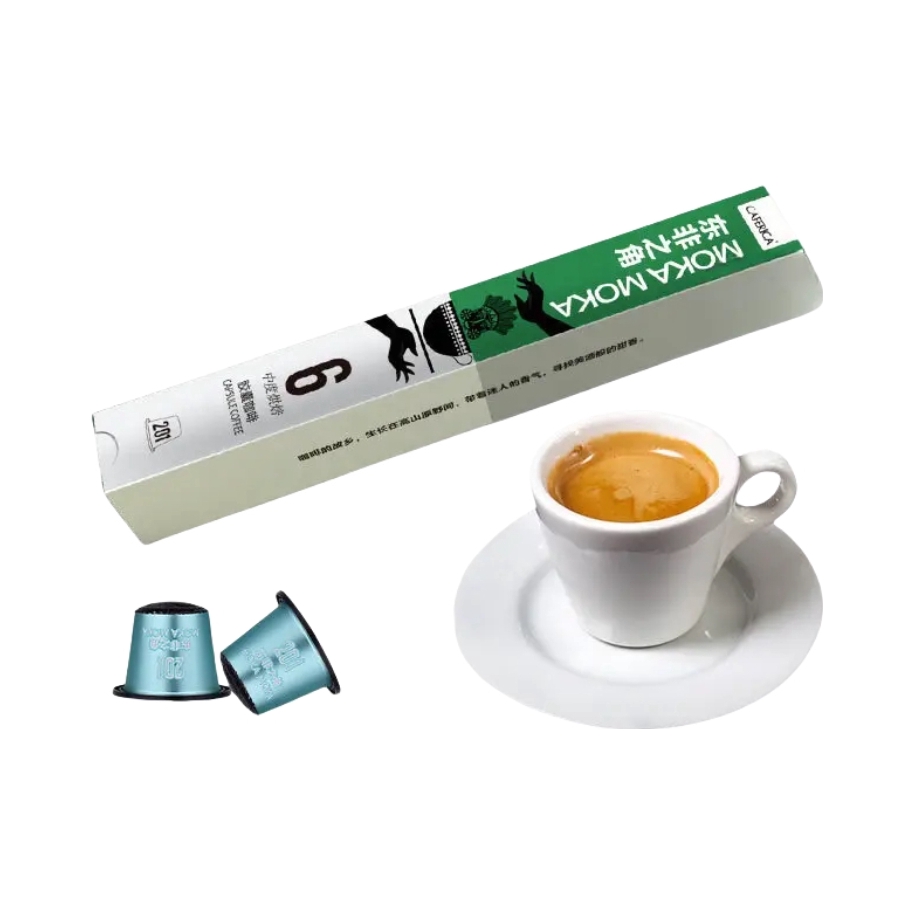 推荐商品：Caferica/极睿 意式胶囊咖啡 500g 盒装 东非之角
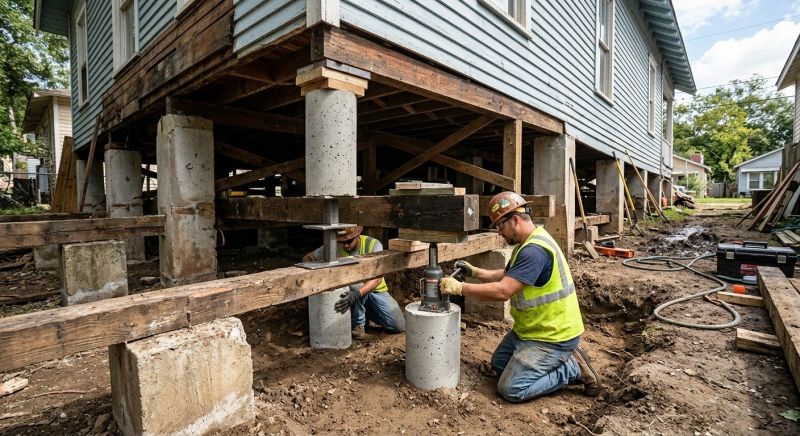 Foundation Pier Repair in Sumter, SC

· · ·

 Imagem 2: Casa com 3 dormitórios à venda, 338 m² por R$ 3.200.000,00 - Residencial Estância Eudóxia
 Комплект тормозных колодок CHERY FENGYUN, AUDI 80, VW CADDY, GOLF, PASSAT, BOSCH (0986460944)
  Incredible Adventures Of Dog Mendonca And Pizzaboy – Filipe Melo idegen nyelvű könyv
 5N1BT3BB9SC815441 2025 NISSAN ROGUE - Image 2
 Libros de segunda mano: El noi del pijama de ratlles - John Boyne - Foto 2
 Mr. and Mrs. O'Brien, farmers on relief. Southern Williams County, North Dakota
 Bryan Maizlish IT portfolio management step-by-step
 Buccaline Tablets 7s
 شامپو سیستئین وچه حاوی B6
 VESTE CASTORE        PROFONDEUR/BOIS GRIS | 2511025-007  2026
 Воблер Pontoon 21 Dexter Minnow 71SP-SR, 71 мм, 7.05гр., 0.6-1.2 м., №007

· · ·

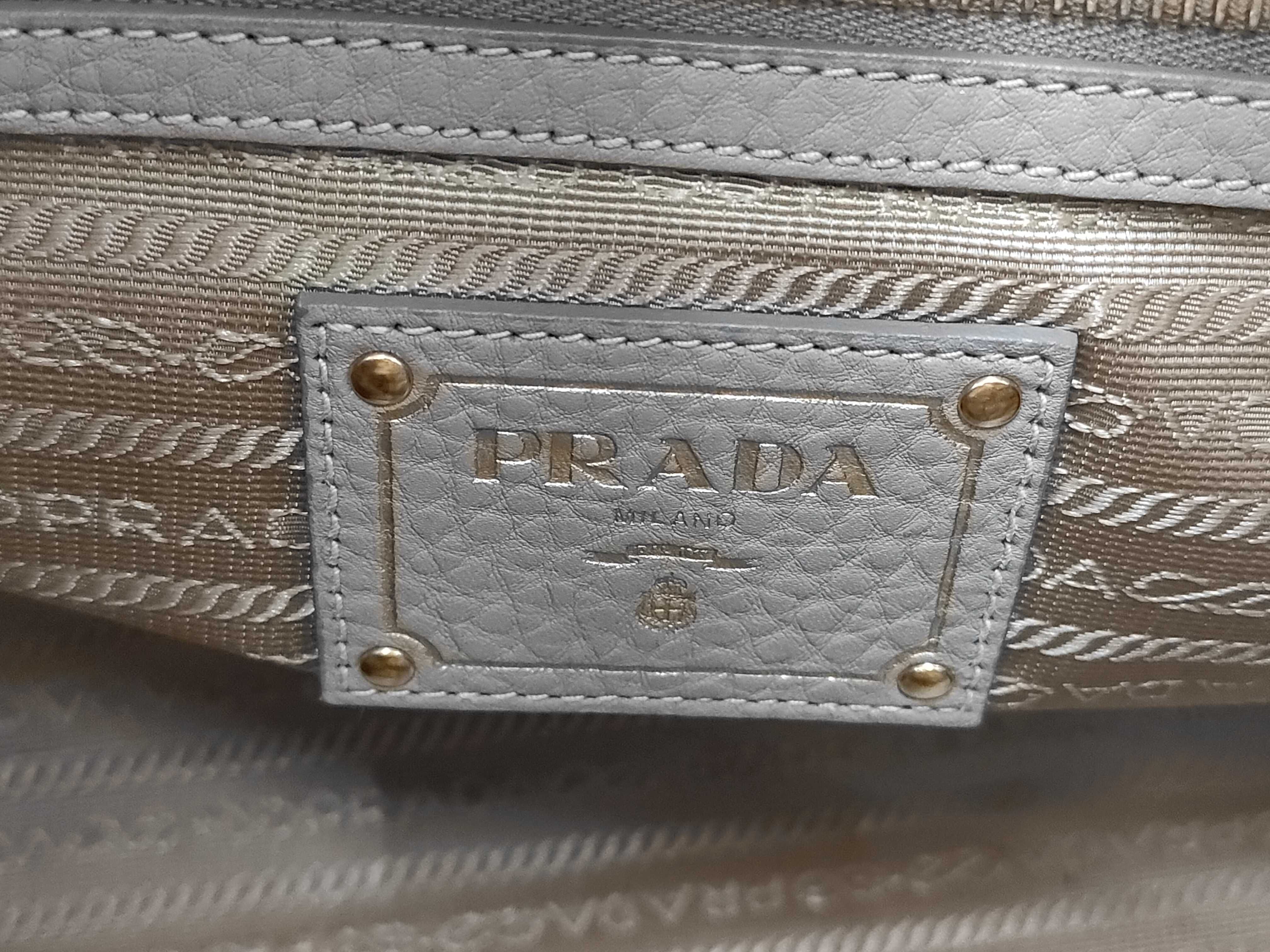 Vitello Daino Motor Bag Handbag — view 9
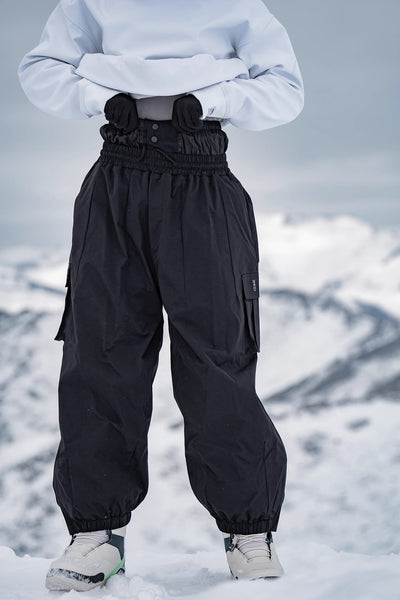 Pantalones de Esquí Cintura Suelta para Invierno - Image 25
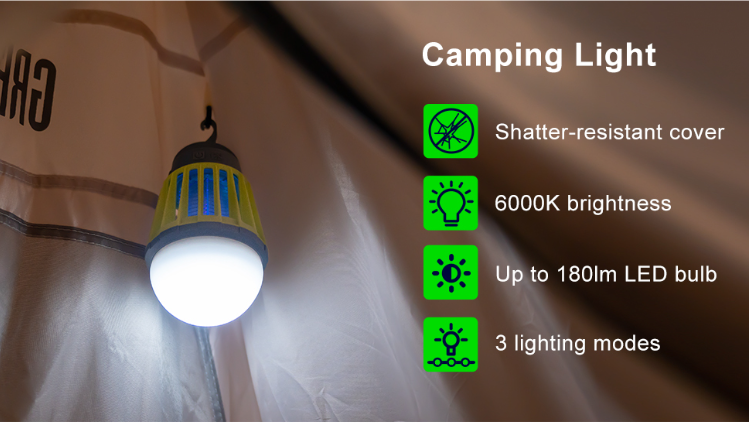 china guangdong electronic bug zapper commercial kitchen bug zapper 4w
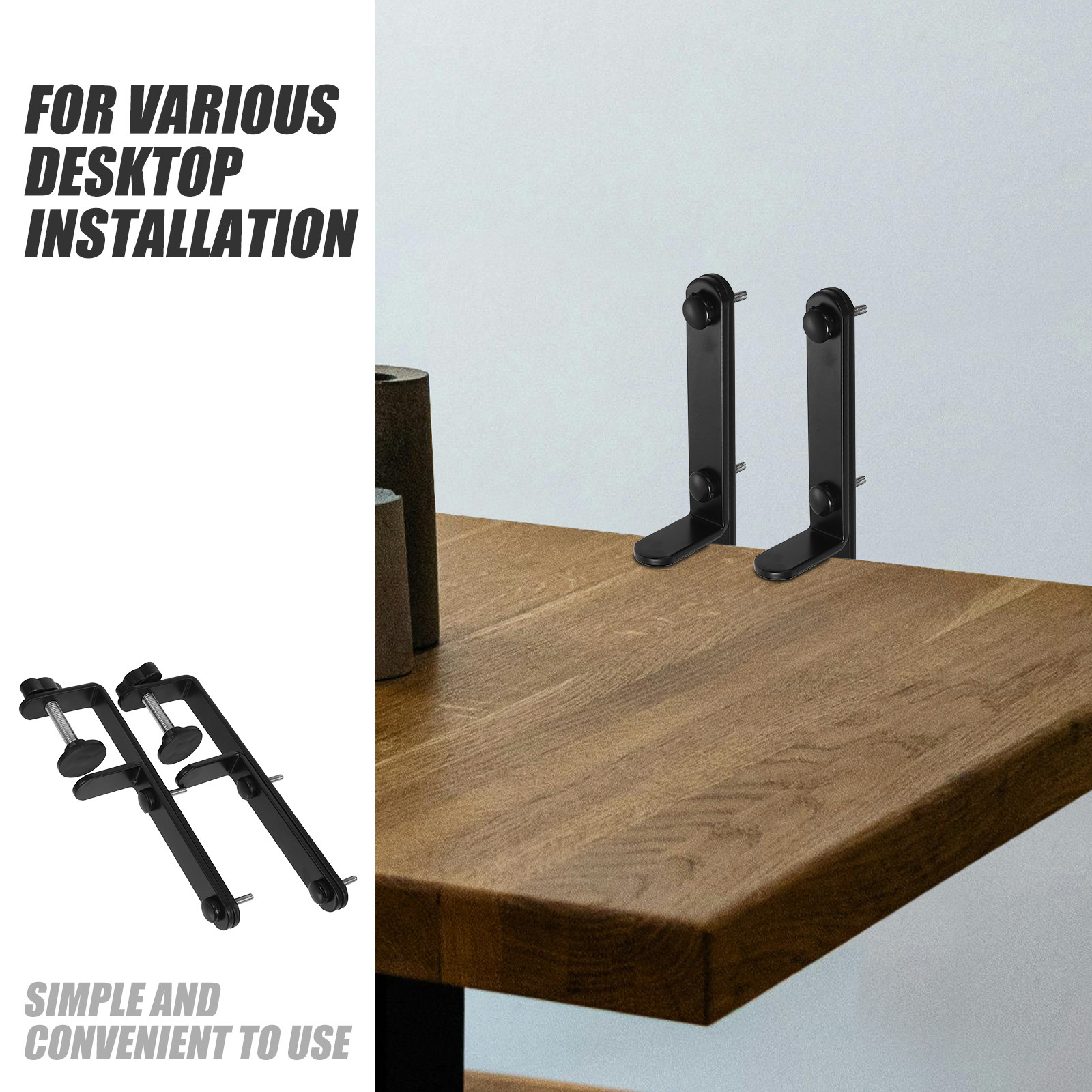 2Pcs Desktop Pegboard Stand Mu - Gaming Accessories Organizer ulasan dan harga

· · ·

* _What you have to do_: Print nothing but the lines above starting with the line that contains "china guangdong electronic" and going on through the line that contains "2Pcs Desktop Pegboard". Leave out the pictures.

* _Response to this exercise_:
 china guangdong electronic bug zapper commercial kitchen bug zapper 4w
 2Pcs Desktop Pegboard Stand Mu - Gaming Accessories Organizer ulasan dan harga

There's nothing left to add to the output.